#### RECORDS FOR THIS EXERCISE

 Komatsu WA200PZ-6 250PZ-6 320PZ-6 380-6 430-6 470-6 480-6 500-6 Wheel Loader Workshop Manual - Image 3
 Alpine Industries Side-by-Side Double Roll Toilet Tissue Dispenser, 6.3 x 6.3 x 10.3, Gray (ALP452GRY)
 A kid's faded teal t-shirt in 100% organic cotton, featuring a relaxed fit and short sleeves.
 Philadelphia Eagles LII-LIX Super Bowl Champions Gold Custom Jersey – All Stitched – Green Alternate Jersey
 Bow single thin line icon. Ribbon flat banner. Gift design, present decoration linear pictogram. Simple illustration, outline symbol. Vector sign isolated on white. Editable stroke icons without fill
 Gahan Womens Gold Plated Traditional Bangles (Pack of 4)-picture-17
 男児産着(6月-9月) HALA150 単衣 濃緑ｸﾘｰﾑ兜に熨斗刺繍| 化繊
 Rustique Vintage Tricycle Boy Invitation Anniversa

########
#### RECORDS FOR THIS EXERCISE

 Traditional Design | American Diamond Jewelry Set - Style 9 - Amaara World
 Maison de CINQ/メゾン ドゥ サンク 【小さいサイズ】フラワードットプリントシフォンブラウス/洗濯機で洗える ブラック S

########

:: AIM OF THE EXERCISE ::
What you return must be the lines above that run from the line with "Philadelphia Eagles LII-LIX" to the line with "男児産着(6月-9月) HALA150 単衣 濃緑ｸﾘｰﾑ兜に熨斗刺繍| 化繊", inclusive, each copied exactly.

:: WRITTEN RESPONSE ::
 Philadelphia Eagles LII-LIX Super Bowl Champions Gold Custom Jersey – All Stitched – Green Alternate Jersey
 Bow single thin line icon. Ribbon flat banner. Gift design, present decoration linear pictogram. Simple illustration, outline symbol. Vector sign isolated on white. Editable stroke icons without fill
 Gahan Womens Gold Plated Traditional Bangles (Pack of 4)-picture-17
 男児産着(6月-9月) HALA150 単衣 濃緑ｸﾘｰﾑ兜に熨斗刺繍| 化繊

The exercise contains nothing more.